Viele Artikel und Bücher wie „Tools der Titanen“ unterliegen dem „Survivorship Bias“ und berücksichtigen nicht die vielen stillen, erfolglosen Zeugen. Das heißt all die Menschen und sehr wahrscheinlich die Mehrheit, die derartige Tipps befolgt haben und eben NICHT erfolgreich geworden sind.
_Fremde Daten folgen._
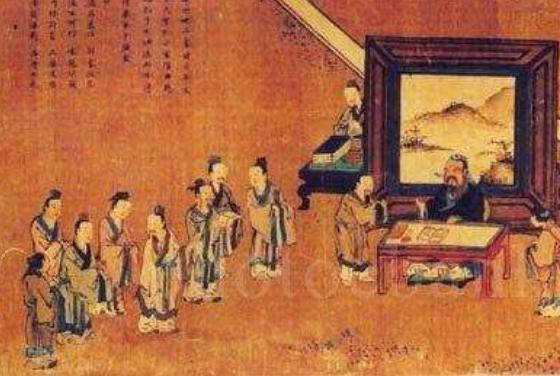 郑桓公的选择：谁也无法改变郑国的命运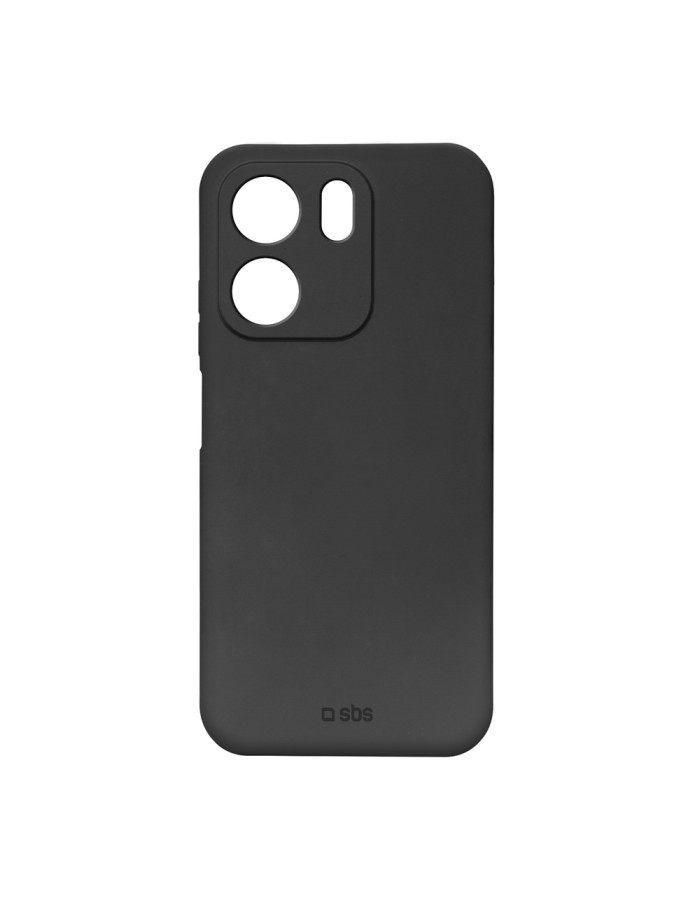 SBS Instinct Case for Oppo A5X - Black SBS Instinct Case for Oppo A5X - Black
Die Analogie aus Nassim Talebs empfehlenswerten Buch „Der schwarze Schwan“ beschreibt das Phänomen wie folgt: Menschen, die an Gott glauben, zeigt man Bildtafeln mit Abbildungen betender Menschen, die ein Schiffsunglück überlebt hatten. Die Schlussfolgerung der Gläubigen: Beten schützt Menschen vor dem sicheren Tod. Fragt man hingegen einen Ungläubigen, wird er die Frage stellen, wo denn die Bildtafeln sind, mit Abbildungen von Menschen, die beim Schiffsunglück gestorben sind.
Im oben genannten Beispiel können die Toten nicht sprechen und daher keine Tafeln erstellen. Im Fall der populistischen Ratgeberliteratur bekommen die vielen weniger erfolgreichen Menschen, die „Verlierer“ keine Stimme (im Forschungszusammenhang und bei Veröffentlichungen von Studien spricht man dann vom „File Drawer Effect“.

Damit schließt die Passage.